The response should repeat word for word every line below from the one with "You will plot" to the one with "Generally, the bigger", inclusive, and nothing else; leave pictures out.

*** Record excerpts

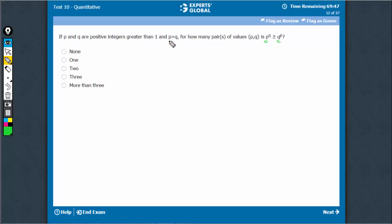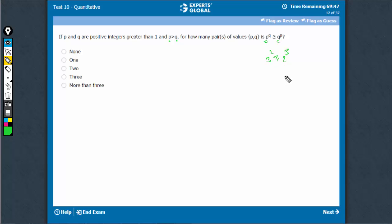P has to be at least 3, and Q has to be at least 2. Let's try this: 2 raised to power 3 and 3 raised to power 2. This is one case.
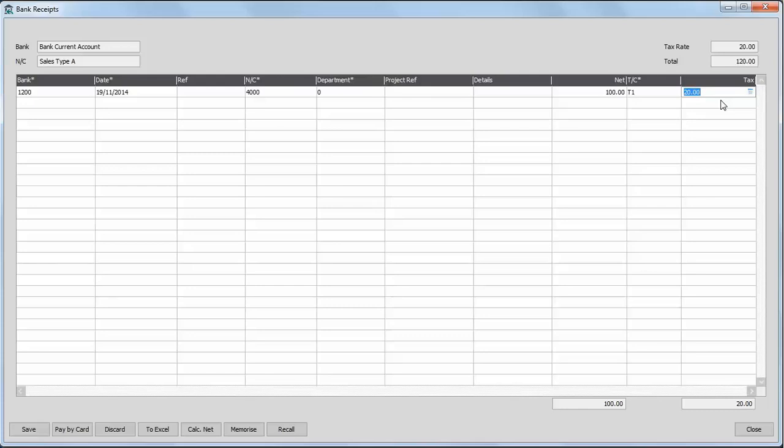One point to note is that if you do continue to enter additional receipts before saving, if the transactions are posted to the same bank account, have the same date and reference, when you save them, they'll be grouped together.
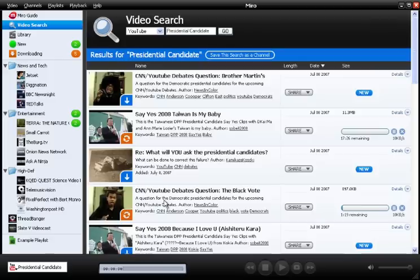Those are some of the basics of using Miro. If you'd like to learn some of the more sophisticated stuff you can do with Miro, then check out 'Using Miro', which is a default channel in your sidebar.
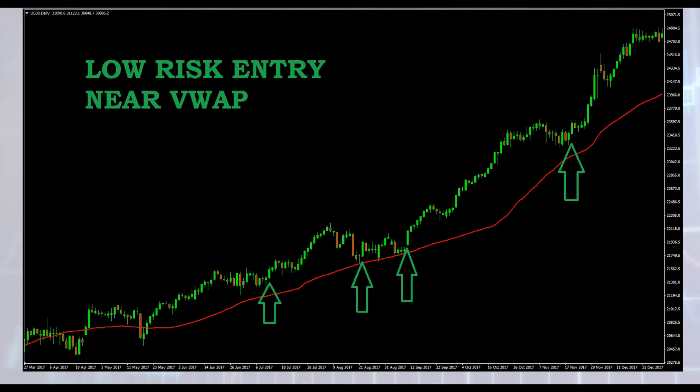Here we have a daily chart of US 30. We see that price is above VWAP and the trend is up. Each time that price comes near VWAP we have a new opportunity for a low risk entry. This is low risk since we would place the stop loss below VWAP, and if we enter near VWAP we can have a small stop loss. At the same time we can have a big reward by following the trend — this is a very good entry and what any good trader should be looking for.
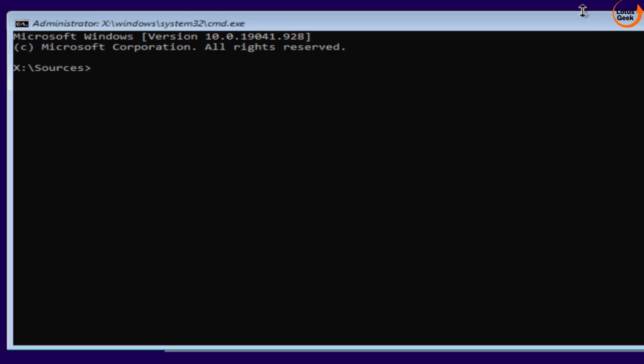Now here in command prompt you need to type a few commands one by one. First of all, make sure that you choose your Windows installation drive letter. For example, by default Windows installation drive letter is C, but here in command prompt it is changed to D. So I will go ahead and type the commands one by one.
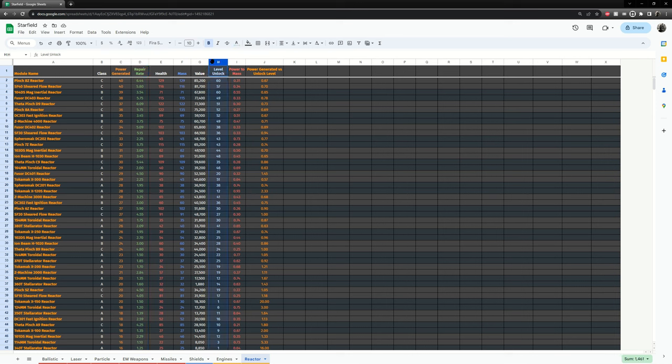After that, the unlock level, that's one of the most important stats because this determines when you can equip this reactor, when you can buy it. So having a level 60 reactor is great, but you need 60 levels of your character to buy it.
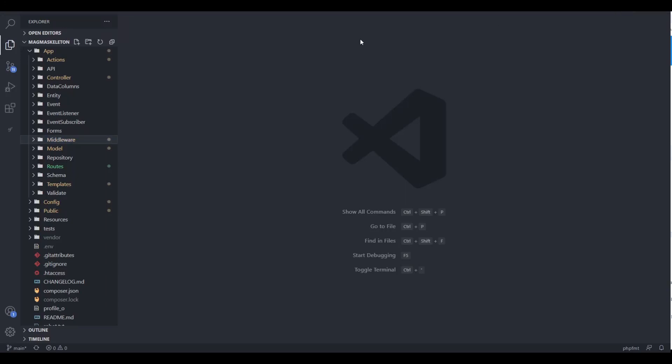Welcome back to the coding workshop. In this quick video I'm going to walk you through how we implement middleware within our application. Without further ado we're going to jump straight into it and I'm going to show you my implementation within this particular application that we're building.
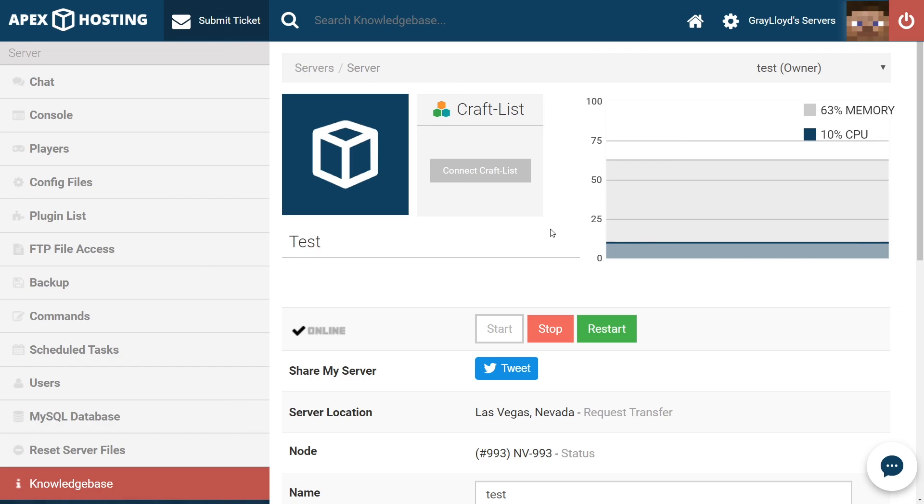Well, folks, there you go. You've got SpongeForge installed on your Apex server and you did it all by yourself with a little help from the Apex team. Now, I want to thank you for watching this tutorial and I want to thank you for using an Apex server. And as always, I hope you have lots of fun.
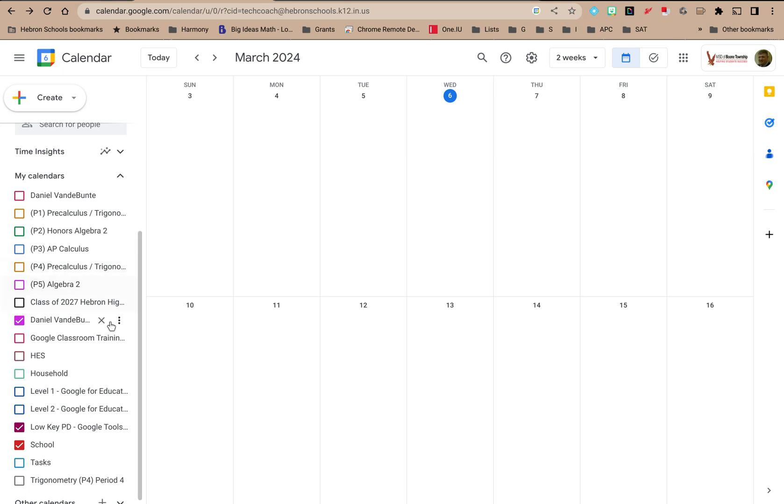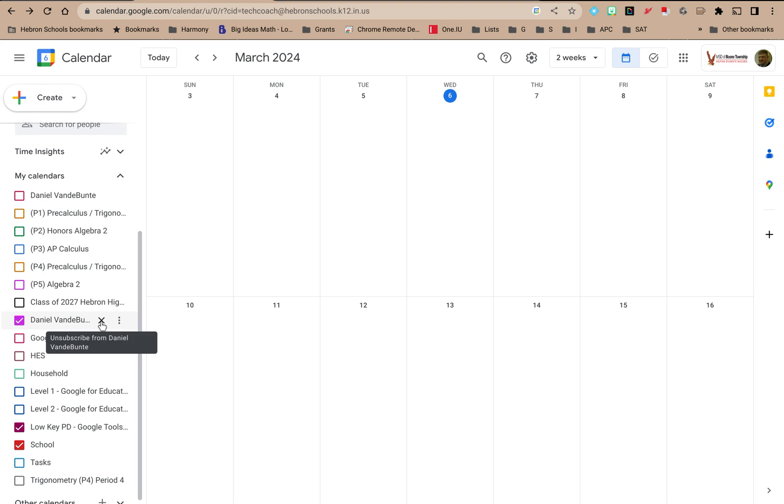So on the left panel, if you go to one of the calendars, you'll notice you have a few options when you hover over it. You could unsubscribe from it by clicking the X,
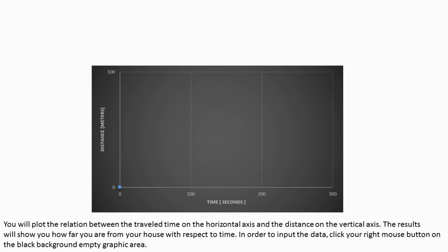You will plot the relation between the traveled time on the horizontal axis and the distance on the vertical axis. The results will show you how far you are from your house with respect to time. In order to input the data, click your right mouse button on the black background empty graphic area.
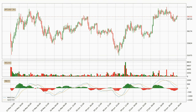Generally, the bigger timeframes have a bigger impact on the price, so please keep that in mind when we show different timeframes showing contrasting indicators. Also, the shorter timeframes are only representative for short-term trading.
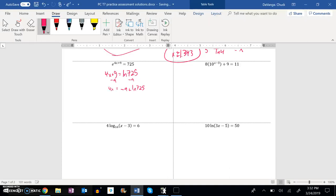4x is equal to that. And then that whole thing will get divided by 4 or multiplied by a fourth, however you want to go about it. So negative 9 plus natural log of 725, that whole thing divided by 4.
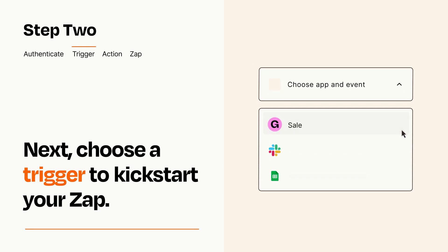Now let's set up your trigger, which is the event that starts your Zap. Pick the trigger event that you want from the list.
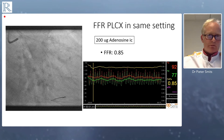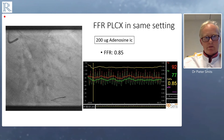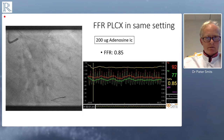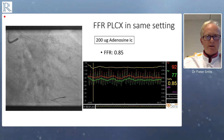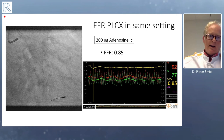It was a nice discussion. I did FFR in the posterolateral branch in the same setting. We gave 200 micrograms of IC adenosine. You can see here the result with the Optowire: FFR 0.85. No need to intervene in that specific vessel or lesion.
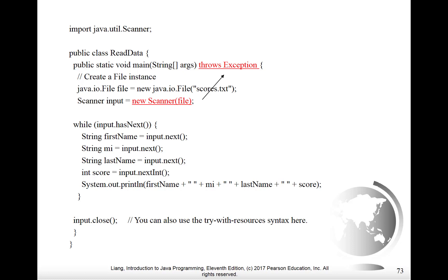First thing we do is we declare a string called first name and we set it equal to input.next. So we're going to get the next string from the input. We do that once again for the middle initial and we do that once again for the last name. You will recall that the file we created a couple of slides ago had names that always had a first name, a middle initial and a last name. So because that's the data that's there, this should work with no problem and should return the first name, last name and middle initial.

******

#### Exercise output:
You will plot the relation between the traveled time on the horizontal axis and the distance on the vertical axis. The results will show you how far you are from your house with respect to time. In order to input the data, click your right mouse button on the black background empty graphic area.
Generally, the bigger timeframes have a bigger impact on the price, so please keep that in mind when we show different timeframes showing contrasting indicators. Also, the shorter timeframes are only representative for short-term trading.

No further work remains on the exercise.